Ritchie: "I'm having breakfast in bed, and I pull back the duvet on the other side. Thought we could have a beautiful morning together."
Hunnam: "Break a girl's heart, why don't you?"
Friends help you question yourself, says the director. Which is why he'll trust his actors' instincts on lines they hate and rewrite his script on set. "Sometimes, I go, 'This ain't going to work,.' There was a romance in this film. The Mage and Arthur. But the film just didn't want it. We tried to nudge it, we tried to nudge it, and then the film just went, 'Can we do something else?'"

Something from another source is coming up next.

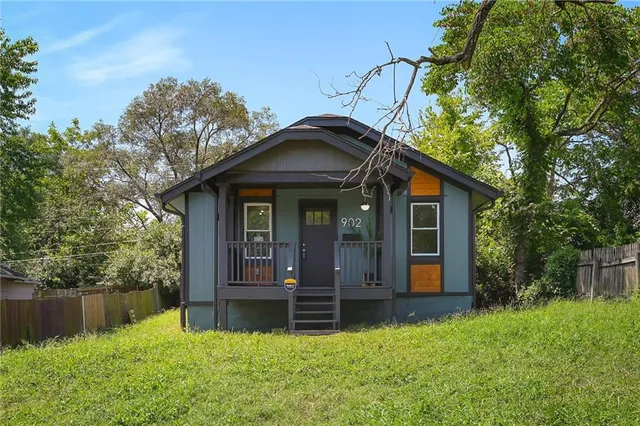 $149,500 | 902 South Crisp Avenue, Independence, MO 64054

The "combat" starts when Ritchie starts questioning the reality of his movies. He says the most painful, consuming part of King Arthur was the music. "[Composer Daniel Pemberton and I] worked on it for three years. Just the music." The soundtrack bridges medieval tones and contemporary riffs in a rambunctious fashion that Ritchie calls the "simple" solution. Ritchie started his career as an Island Records talent scout ("I didn't find anyone"), and his movies often hinge, in his mind, on finding a keystone track. In King Arthur, it was British folk singer Sam Lee, whose music is heavily influenced by Romany migrants he once traveled with. Those songs, that lore, stoked another one of Ritchie's passions.